Three major players in the state Senate closed out the 27th Hawaii Legislature with plans that could be shaping the political future of Hawaii for decades to come.
As the obligatory "Hawaii Aloha" was being sung Thursday, the Senate president and the Ways and Means chairman slipped their political campaigns into gear, and the Judiciary chairman stepped up his analysis of his political future.
All three are pros with years of experience, so all three are making 2014 the year for major changes.
Senate President Donna Kim does not have to leave the Senate to run for the open 1st Congressional District seat, so her political future is more assured.
Polls now have Kim ahead of her closest Democratic primary opponent, state Rep. K. Mark Takai, but the short political season is just starting.
"I’m all in and running full gear," Kim said on closing day.
Because the race is a sprint, voting will start in less than 100 days and the field is crowded, name recognition is a significant part of the contest.
Kim is a somewhat conservative Democrat who for nearly three decades has represented what is the very cradle of Hawaii’s Democratic Party — Kalihi — and is well known.
In an unprecedented honor, the Senate spent much of its last floor session piling leis and accolades on David Ige, who has been an instrumental player in expanding the state’s education policies and shaping a cautious financial plan.
After 29 years in the Legislature, Ige declared he is a candidate for governor and is vacating his Senate seat.
In his last Senate speech, Ige, an electrical engineer and the very definition of the chess-playing computer nerd, started by recalling the difficulties of using the Legislature’s primitive computers when he was first appointed to fill a legislative vacancy in 1986.
"We knew we had to create access, and this was before the Internet … So we committed to electronic access and the public, for the first time, would be guaranteed that when the Legislature was voting on measures, the public would have full access to all of the materials in real time," Ige said.
The Pearl City Democrat now goes to do battle with incumbent Democratic Gov. Neil Abercrombie in what appears to be a lopsided contest.
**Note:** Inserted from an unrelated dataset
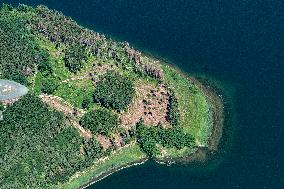 Forest, forests, tree, trees, dead, spruce, river Zelivka, dam Svihov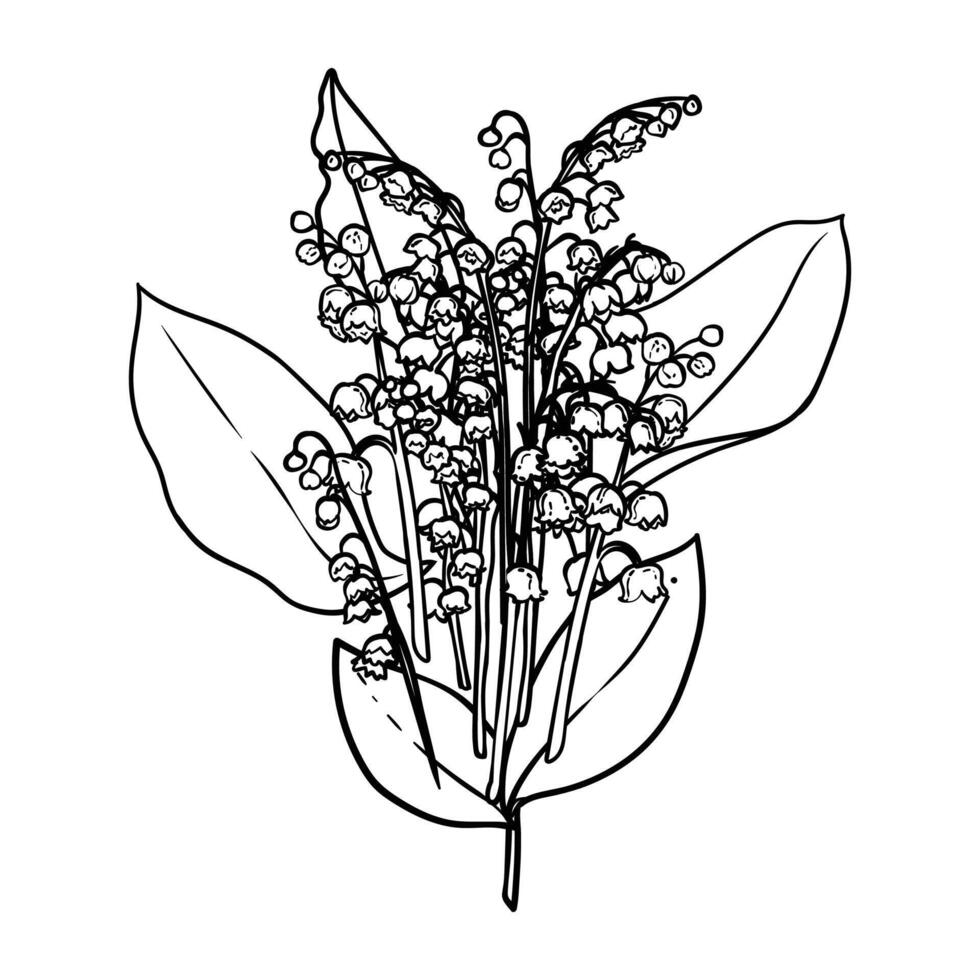 Hand drawn lilies of the valley bouquet with blooms and leaves. Black outline of beautiful winter flowers isolated on a white background. Illustration for online and print projects. vector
While last week Abercrombie was holding a $2,000-a-ticket Kahala fundraiser to bolster his $4 million campaign, Ige was saying he was confident he can win even without the funds needed to run TV commercials.
If that is a fairly quixotic challenge, Sen. Clayton Hee, who has also served both in the Senate and the state House and as an Office of Hawaiian Affairs trustee, is reported to be mulling over both running for re-election or running for lieutenant governor.
While Hee, the sometimes fiery Judiciary Committee chairman, has a looming general-election battle against conservative GOP state Rep. Richard Fale, he has been rumored to be exploring a race against Lt. Gov. Shan Tsutsui.
Hee has run unsuccessfully for lieutenant governor and Congress, so he knows that there would be a lot of risk in waiting so late to start a statewide campaign for LG.
The lure for Hee is that Tsutsui has so far run an extremely low-profile campaign and assumed his current position only after former Lt. Gov. Brian Schatz was named by Abercrombie to fill the remaining two years of U.S. Sen. Daniel K. Inouye’s term.
Time is running out for Hee to say if he is all in for either race, but with more than $400,000 in his campaign treasury, he can make a strong impact.
If any of the three senators get in, it makes over Hawaii’s political future, opens the state Senate to more change and proves the power of legislative experience.